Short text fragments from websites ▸
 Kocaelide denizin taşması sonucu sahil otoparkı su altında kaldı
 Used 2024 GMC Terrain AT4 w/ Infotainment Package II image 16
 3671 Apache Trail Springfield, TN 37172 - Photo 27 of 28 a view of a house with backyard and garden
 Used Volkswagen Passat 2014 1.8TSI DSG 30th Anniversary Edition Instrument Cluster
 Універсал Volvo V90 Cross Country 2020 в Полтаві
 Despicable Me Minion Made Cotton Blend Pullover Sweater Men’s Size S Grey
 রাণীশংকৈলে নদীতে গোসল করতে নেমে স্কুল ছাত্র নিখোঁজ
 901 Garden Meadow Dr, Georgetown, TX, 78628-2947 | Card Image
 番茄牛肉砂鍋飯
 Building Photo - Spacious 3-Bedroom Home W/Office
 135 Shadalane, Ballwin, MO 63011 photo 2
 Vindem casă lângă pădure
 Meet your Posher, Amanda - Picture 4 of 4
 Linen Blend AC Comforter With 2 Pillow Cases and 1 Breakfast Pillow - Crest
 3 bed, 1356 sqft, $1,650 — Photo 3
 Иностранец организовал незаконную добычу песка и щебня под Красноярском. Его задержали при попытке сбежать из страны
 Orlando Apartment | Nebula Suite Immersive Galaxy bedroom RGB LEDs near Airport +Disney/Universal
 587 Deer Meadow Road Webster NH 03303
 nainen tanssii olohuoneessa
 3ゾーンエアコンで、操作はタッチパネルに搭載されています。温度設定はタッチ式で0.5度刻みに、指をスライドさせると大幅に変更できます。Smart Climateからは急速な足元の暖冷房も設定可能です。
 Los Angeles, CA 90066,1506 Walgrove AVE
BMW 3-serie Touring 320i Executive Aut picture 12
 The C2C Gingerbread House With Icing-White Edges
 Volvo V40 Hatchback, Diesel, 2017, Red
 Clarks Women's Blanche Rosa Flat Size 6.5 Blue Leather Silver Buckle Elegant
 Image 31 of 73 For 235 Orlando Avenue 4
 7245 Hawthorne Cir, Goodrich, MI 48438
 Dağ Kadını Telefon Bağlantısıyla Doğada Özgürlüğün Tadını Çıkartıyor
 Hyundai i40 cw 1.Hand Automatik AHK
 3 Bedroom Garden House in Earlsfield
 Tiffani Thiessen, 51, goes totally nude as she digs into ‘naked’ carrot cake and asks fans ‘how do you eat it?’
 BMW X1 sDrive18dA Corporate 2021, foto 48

Task directions ▸ The lines from the one holding "Orlando Apartment |" to the last line of the entries, both included: retype them exactly and give nothing else.

Exercise output ▸
 Orlando Apartment | Nebula Suite Immersive Galaxy bedroom RGB LEDs near Airport +Disney/Universal
 587 Deer Meadow Road Webster NH 03303
 nainen tanssii olohuoneessa
 3ゾーンエアコンで、操作はタッチパネルに搭載されています。温度設定はタッチ式で0.5度刻みに、指をスライドさせると大幅に変更できます。Smart Climateからは急速な足元の暖冷房も設定可能です。
 Los Angeles, CA 90066,1506 Walgrove AVE
BMW 3-serie Touring 320i Executive Aut picture 12
 The C2C Gingerbread House With Icing-White Edges
 Volvo V40 Hatchback, Diesel, 2017, Red
 Clarks Women's Blanche Rosa Flat Size 6.5 Blue Leather Silver Buckle Elegant
 Image 31 of 73 For 235 Orlando Avenue 4
 7245 Hawthorne Cir, Goodrich, MI 48438
 Dağ Kadını Telefon Bağlantısıyla Doğada Özgürlüğün Tadını Çıkartıyor
 Hyundai i40 cw 1.Hand Automatik AHK
 3 Bedroom Garden House in Earlsfield
 Tiffani Thiessen, 51, goes totally nude as she digs into ‘naked’ carrot cake and asks fans ‘how do you eat it?’
 BMW X1 sDrive18dA Corporate 2021, foto 48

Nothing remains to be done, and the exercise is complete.